It was a little before 9 when I arrived at the Children’s Medical Center, signed in, and rode the elevator up to the fourth floor. I’d been told to use the phone in the lobby to tell someone I was there, but a man was already guiding a boy and his mother back to the sleep study area, so he let me in too. We walked past a nursing station and down a long hallway, then turned into another hallway. The man took the boy and his mother into the first door on the left, and told me to wait by the blue chairs up ahead for someone named Chris.
I had barely arrived at the chairs when a man came out of a room across the hall. “Are you Chris?” I asked.
I’m so much more outgoing than I used to be. It still surprises me.
He stopped at a closet to pick up some clean linens for my room and then guided me back to where I was to spend the night. “This is like a dorm room,” I said, because it was. It was about like the hospital rooms I lived in at Markey Cancer Center, only it was bigger and felt like it was trying to be hip. There was a closet door that was completely covered by a markerboard, for example, and a long couch under what looked like a giant window shade. I assumed there was a window behind it, but that might not actually have been the case.
After I filled out a sleep survey, I let Chris know how tired I was and he said I could go ahead and change and he’d get me wired up. I put on my T-shirt and shorts and took my evening meds, but I forgot to brush my teeth, which would annoy me quite a bit later as I was trying to sleep.
I sat in a chair and watched an episode of Family Guy as Chris wired me up. I had countless wires coming off my head and face, then two on my chest and two on each leg. There was also a thin wire under my nose to detect my breathing and a wire against my throat to record snoring. Chris put a big hairnet on me to hold the wires in place on my head. Once I got into bed, he put one of those clips on my finger as well, to detect oxygen levels or something.

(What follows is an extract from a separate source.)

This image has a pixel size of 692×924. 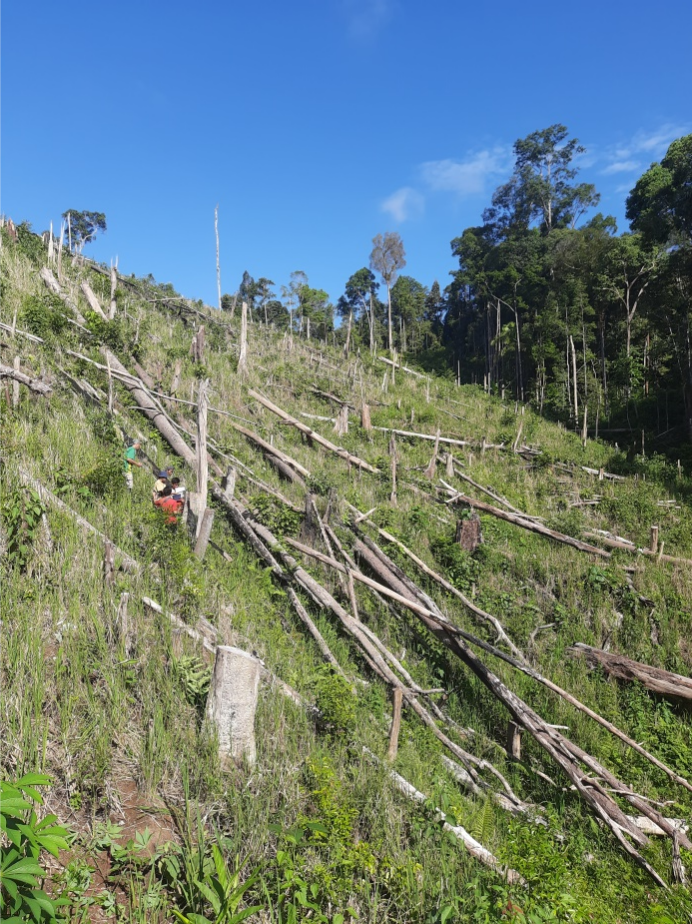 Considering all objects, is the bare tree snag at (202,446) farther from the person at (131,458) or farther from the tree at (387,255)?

I had to start out on my back. The room was totally dark, but there was an intercom so Chris could hear me and a video camera recording everything I did. We had to calibrate before I could go to sleep; Chris told me over the intercom to hold my eyes open and stare straight ahead, close them and stare straight ahead, look side to side and up and down, hold my breath, breathe normally, and move my feet. After that I was supposed to go to sleep, but I was a little too excited to calm down right away. I thought that the whole experience was really neat and I was anticipating falling asleep, which makes no sense. Eventually I was able to sleep, fortunately.

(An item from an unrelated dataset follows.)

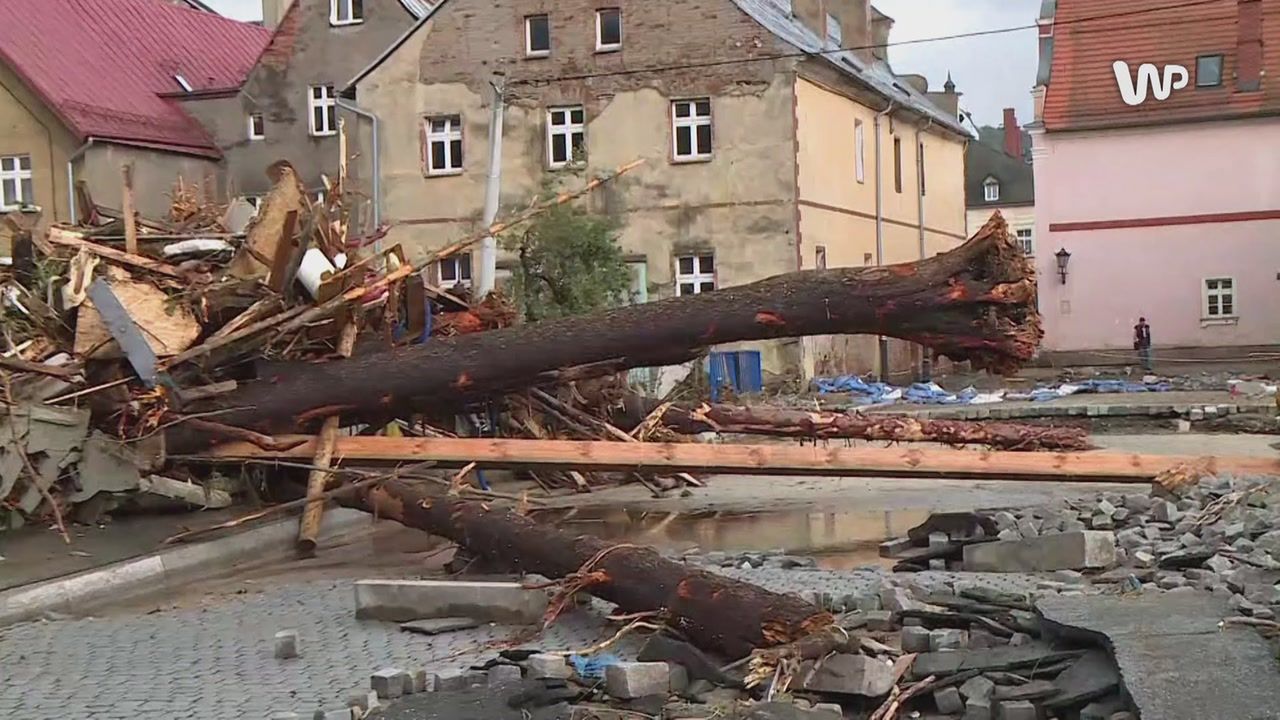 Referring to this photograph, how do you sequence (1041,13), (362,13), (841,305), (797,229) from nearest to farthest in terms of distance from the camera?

About every hour and a half or so I would wake up having to go to the bathroom, and at the same time I would get severe leg cramps. I’d have to call Chris to come in and unplug me so I could stand up, use the facilities, and pace around to get my muscles to stop clenching. It wasn’t particularly restful. Mom says the cramps might have been exacerbated by how cold it was in the room; it was pretty freaking cold. Regardless, it wasn’t particularly pleasant. Plus, with all the wires on it was difficult to shift my sleeping position from back to side, so that was annoying.

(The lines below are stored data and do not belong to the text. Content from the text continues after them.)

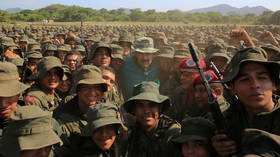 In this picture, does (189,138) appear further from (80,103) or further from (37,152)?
(80,103)

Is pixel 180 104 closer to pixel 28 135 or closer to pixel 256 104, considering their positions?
pixel 256 104

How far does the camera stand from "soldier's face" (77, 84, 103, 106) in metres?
3.46

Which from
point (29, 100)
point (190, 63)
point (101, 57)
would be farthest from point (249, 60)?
point (101, 57)

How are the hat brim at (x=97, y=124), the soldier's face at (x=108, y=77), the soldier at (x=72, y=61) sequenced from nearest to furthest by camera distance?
the hat brim at (x=97, y=124), the soldier's face at (x=108, y=77), the soldier at (x=72, y=61)

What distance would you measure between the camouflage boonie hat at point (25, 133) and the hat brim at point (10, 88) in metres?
0.69

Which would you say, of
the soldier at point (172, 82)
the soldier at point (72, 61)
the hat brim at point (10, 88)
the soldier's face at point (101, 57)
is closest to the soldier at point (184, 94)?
the soldier at point (172, 82)

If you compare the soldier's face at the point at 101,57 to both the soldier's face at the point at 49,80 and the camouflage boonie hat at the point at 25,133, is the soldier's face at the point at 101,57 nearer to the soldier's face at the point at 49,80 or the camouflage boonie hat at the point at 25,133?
the soldier's face at the point at 49,80

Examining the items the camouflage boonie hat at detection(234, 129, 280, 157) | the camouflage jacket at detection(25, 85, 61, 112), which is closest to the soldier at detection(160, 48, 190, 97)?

Chris was fun though; he had lots of good stories and jokes and was just interesting in general. I guess you have to be to work in a sleep center, which is a weird and kind of spooky place.
The fourth time I woke up, Chris told me it was about one minute to 6 and we could just calibrate again and then I could be done. This was a relief, but it still took forever to calm my muscles down. Finally we finished up, and he pulled all the wires off and tried to clean the gunk away with some wipes–the gunk was like white oobleck, if you ever created that stuff in middle school. Then I changed into my long pants and cleaned up as best I could and brushed my teeth and took my morning pills, and I was out of there.
On the drive home I thought about being considerate and picking up some McDonald’s for Mom and Sean, but ultimately I decided to just go home and go to bed, and that’s what I did. I had a little cramping, but nothing too serious, and I was able to sleep until around 10:30 (although I think I did go to the bathroom somewhere in the middle).
It was an interesting experience, to be sure. I’d like to know what all they learned about my sleeping patterns, if anything. Hopefully the frequent bathroom breaks and cramping didn’t affect the results too much.
We should have the results in a few weeks.